5187 sayılı Basın Kanunu'nun 3. maddesinde; Basının özgür olduğu, bu özgürlüğün; bilgi edinme, yayma, eleştirme, yorumlama ve eser yaratma haklarını içereceği, basın özgürlüğünün kullanılmasının ancak demokratik bir toplumun gereklerine uygun olarak; başkalarının şöhret ve haklarının, toplum sağlığının ve ahlakının, millî güvenlik, kamu düzeni, kamu güvenliği ve toprak bütünlüğünün korunması, Devlet sırlarının açıklanmasının veya suç işlenmesinin önlenmesi, yargı gücünün otorite ve tarafsızlığının sağlanması amacıyla sınırlanabileceği hükmüne yer verilmiştir.
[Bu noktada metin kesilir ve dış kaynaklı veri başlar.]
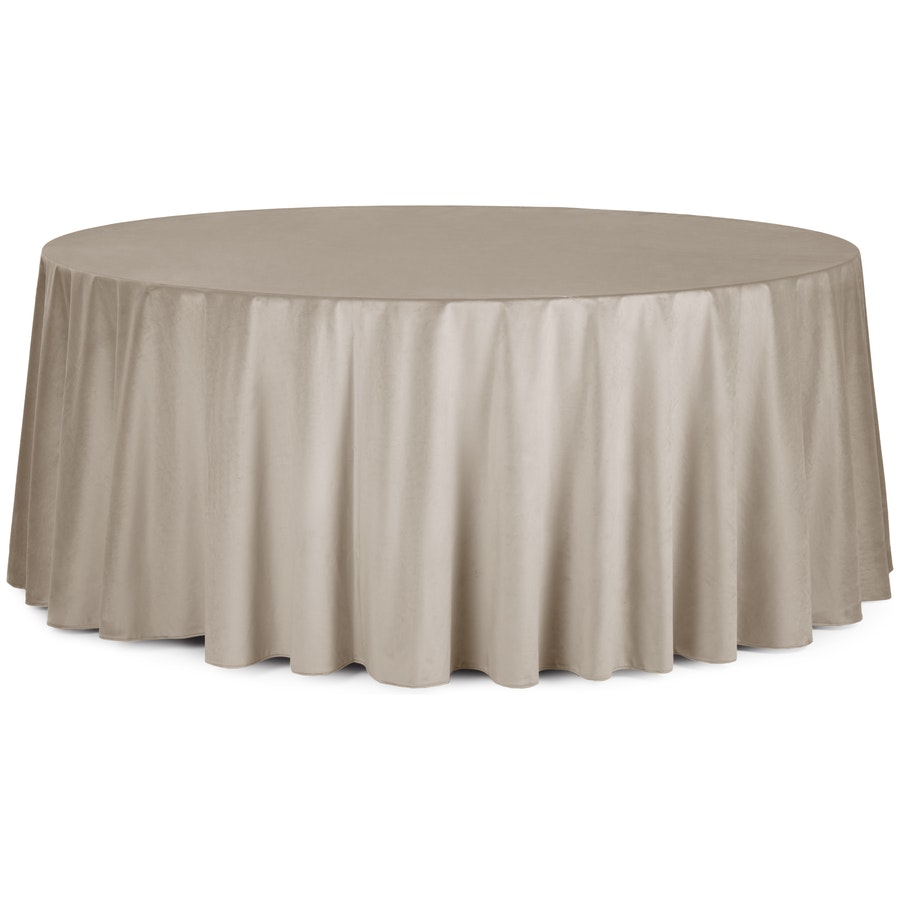 Скатерть круглая бархатная серо-бежевая - Фото миниатюра 1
Bu hususlardan en önemlilerinden biri de yargılama görevinin gereğine uygun olarak yerine getirilmesi amacıyla ifade özgürlüğünün sınırlandırılabileceği hususudur. Yargılamanın tarafsızlığı ve adil bir şekilde sonuçlanabilmesi, kamuoyunun ve basının süreçlere müdahale etmemesiyle doğrudan ilişkilidir. İfade özgürlüğü sınırlandırılmadığı takdirde, kamuoyunda yaratılabilecek önyargılar veya yargı üzerinde oluşabilecek baskılar, adil bir kararın önüne geçebilir ve yargılama sürecini zedeleyebilir.
Haber verme hakkı da, ifade özgürlüğü kapsamında değerlendirilmekle birlikte bu özgürlük sınırsız değildir. Kamuoyunun bilgi alma hakkı korunurken, bu hakkın kötüye kullanılarak yargının bağımsızlığına zarar verecek yayınlar yapılması engellenmelidir. Kanunda, televizyon ve radyo yayınlarının yargıya intikal eden konulara ilişkin haber yaparken yargılama sürecini ve tarafsızlığını etkilemeyecek şekilde hareket edilmesi gerektiği belirtilmiştir. Bu düzenlemenin temel amacı, adil yargılanma hakkını ve yargının tarafsızlığını korumaktır. Özellikle medya aracılığıyla yapılan yayınların, devam eden yargılama süreçlerine olumsuz etkide bulunmasını önlemek, kamuoyunun yargıya olan güvenini zedelememek bireylerin ve kurumların adil yargılanma hakları açısından kritik bir öneme sahiptir.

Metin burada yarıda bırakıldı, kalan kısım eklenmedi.